<<<<

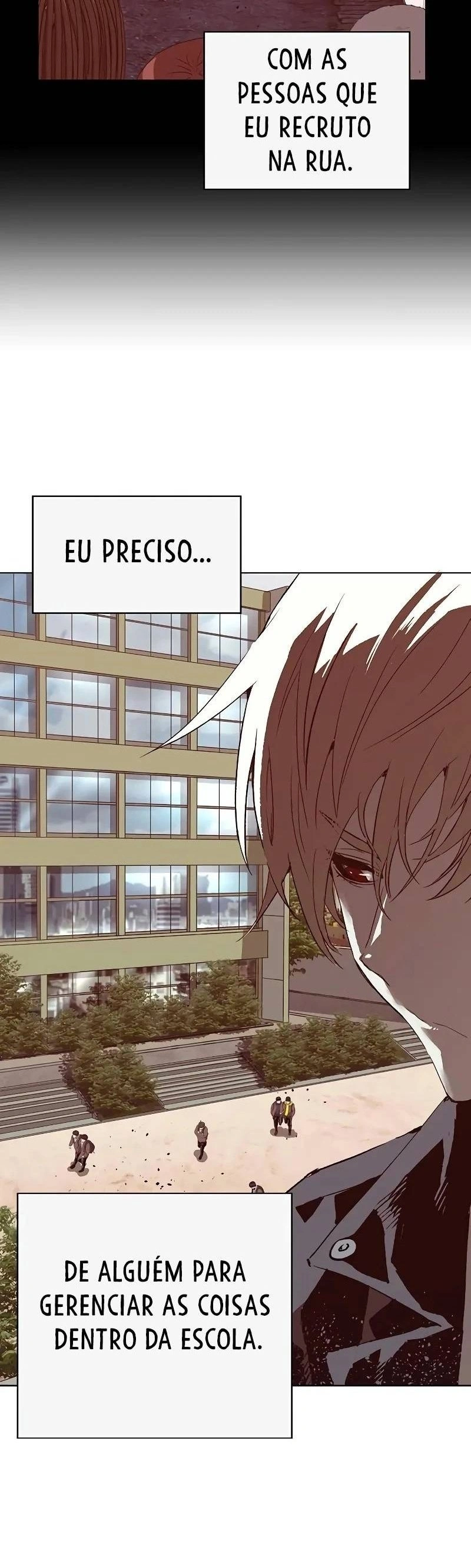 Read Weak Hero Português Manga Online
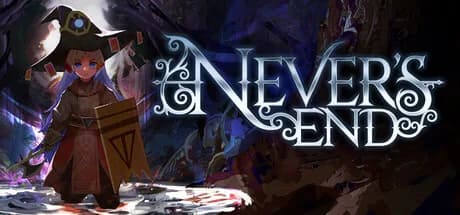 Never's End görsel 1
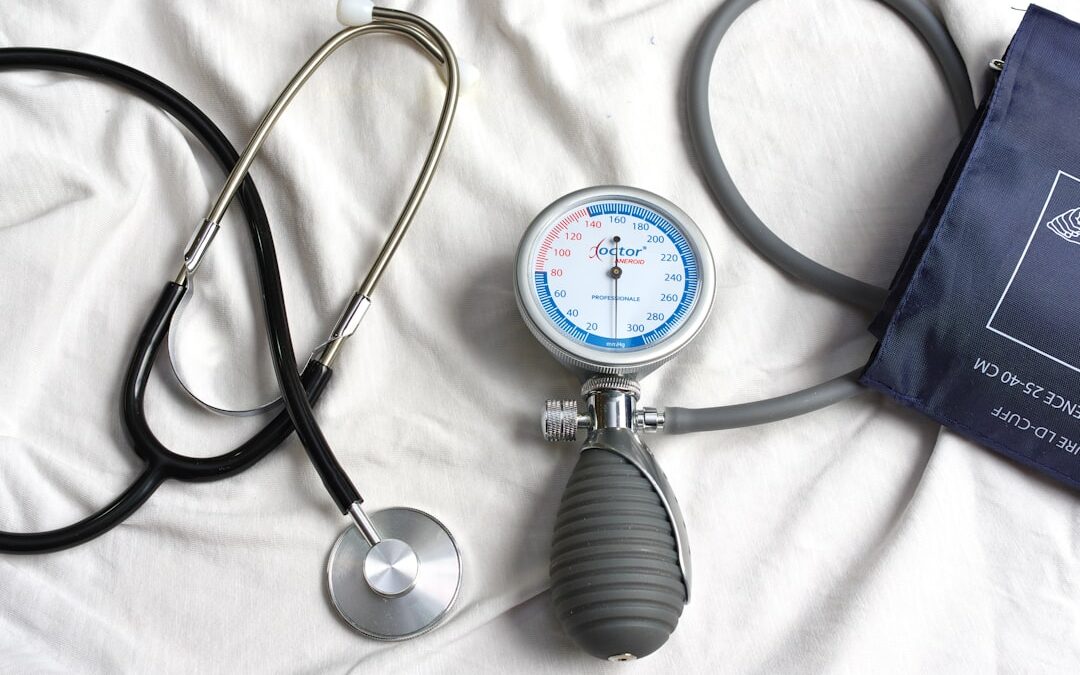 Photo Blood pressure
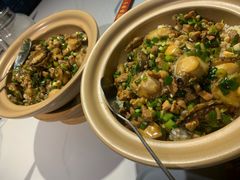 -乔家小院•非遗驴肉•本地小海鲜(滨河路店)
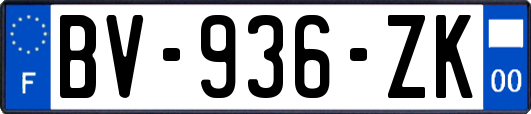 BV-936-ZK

>>>>
<<<<

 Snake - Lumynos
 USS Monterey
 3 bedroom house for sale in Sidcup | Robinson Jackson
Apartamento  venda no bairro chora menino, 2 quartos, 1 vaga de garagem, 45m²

>>>>
<<<<

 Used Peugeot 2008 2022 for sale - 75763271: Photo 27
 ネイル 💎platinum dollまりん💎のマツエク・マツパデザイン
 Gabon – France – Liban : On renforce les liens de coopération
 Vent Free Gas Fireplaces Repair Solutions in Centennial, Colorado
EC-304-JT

>>>>

Task item:
Of the entries above, repeat exactly the lines from the line with "USS Monterey" through the line with "de garagem, 45m²", both of them included.

Your response:
 USS Monterey
 3 bedroom house for sale in Sidcup | Robinson Jackson
Apartamento  venda no bairro chora menino, 2 quartos, 1 vaga de garagem, 45m²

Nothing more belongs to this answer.